The Perl Wizard's Quiz

Tom Christiansen

1. What value is returned by a lone return; statement?
    a. The empty list value ().
    b. The undefined value in scalar context, and the empty list value () in list context.
    c. The result of the last evaluated expression in that subroutine's block.
    d. The undefined value.

2. What's the difference between /^Foo/s and /^Foo/?
    a. The first would allow the match to cross newline boundaries.
    b. The first would match Foo other than at the start of the record if the previous match were /^Foo/gcm, new in the 5.004 release.
    c. The second would match Foo other than at the start of the record if $* were set.
    d. There is no difference because /s only affects whether dot can match newline.

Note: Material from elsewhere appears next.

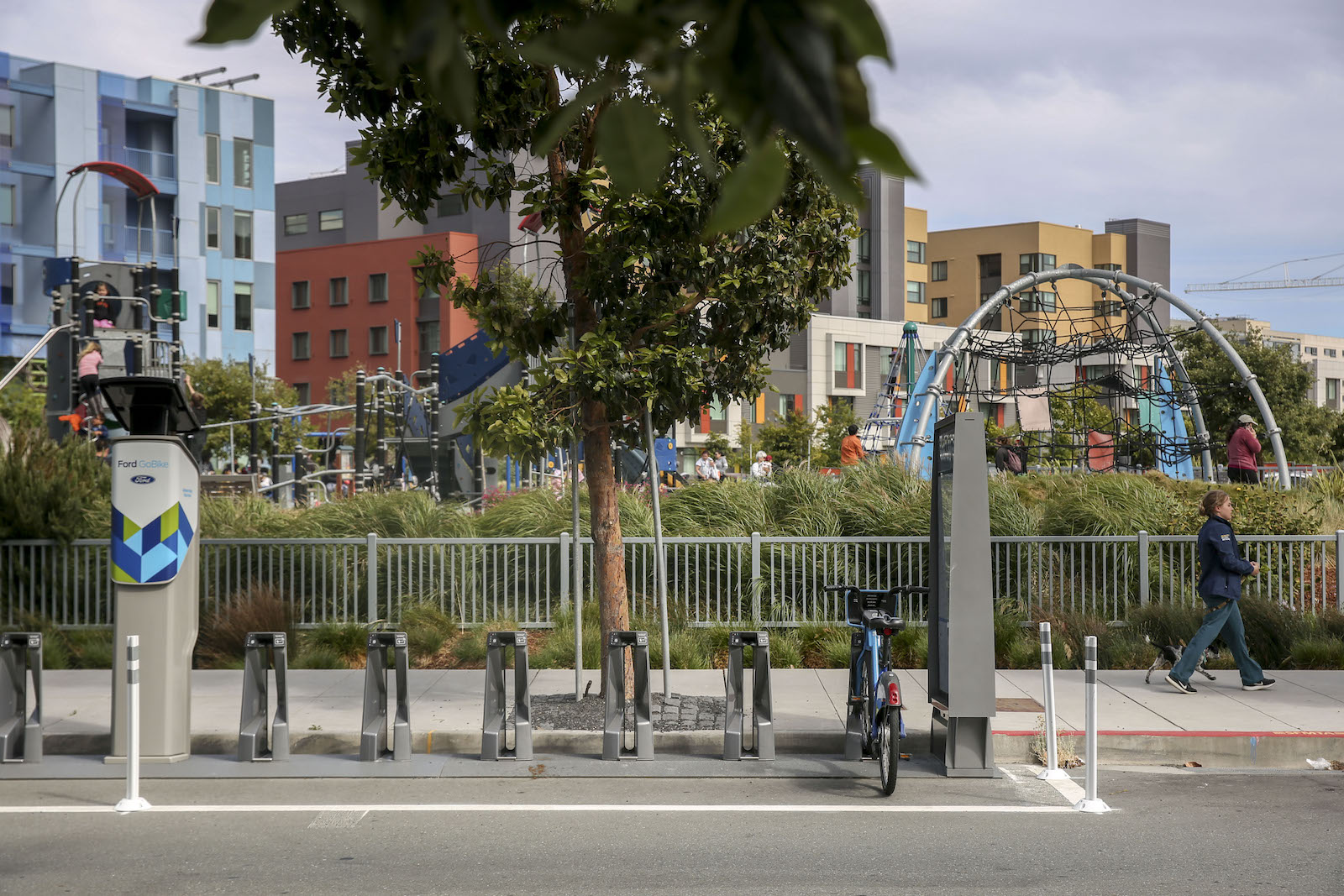 bike stand near buildings and park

3. What does length(%HASH) produce if you have thirty-seven random keys in a newly created hash?
    a. 5
    b. 37
    c. 74
    d. 2

4. What does read() return at end of file?
    a. 0
    b. "0 but true"
    c. "\0"
    d. undef

5. How do you produce a reference to a list?
    a. [ @array ]
    b. \($s, @a, %h, &c)
    c. You can't produce a reference to a list.
    d. \@array

6. Why aren't Perl's patterns regular expressions?
    a. Because Perl allows both minimal matching and maximal matching in the same pattern.
    b. Because Perl uses a non-deterministic finite automaton rather than a deterministic finite automaton.
    c. Because Perl patterns can have look-ahead assertions and negations.
    d. Because Perl patterns have backreferences.

7. Why doesn't Perl have overloaded functions?     a. Because you can inspect the argument count, return context, and object types all by yourself.
    b. It does, along with overloaded operators as well as overridden functions and methods.
    c. Because Perl doesn't have function prototypes.
    d. Because it's too hard.

8. Why is it hard to call this function: sub y { "because" }
    a. It's not.
    b. Because y is a predefined function.
    c. Because it has no prototype.
    d. Because y is a kind of quoting operator.

9. How do you print out the next line from a filehandle with all its bytes reversed?
    a. print reverse scalar <FH>
    b. print scalar reverse scalar <FH>
    c. print scalar reverse <FH>
    d. print reverse <FH>

10. When would local $_ in a function ruin your day?
    a. When your caller was in the middle for a while(<>) loop.
    b. When your caller was in the middle for a while(m//g) loop
    c. When $_ was imported from another module.
    d. When your caller was in the middle for a foreach(@a) loop.

11. Which of these is a difference between C++ and Perl?
    a. C++ can have objects whose data cannot be accessed outside its class, but Perl cannot.
    b. C++ supports multiple inheritance, but Perl does not.
    c. C++ will not call destructors on objects that go out of scope if a reference to that object still exists, but Perl will.
    d. Perl can have objects whose data cannot be accessed outside its class, but C++ cannot.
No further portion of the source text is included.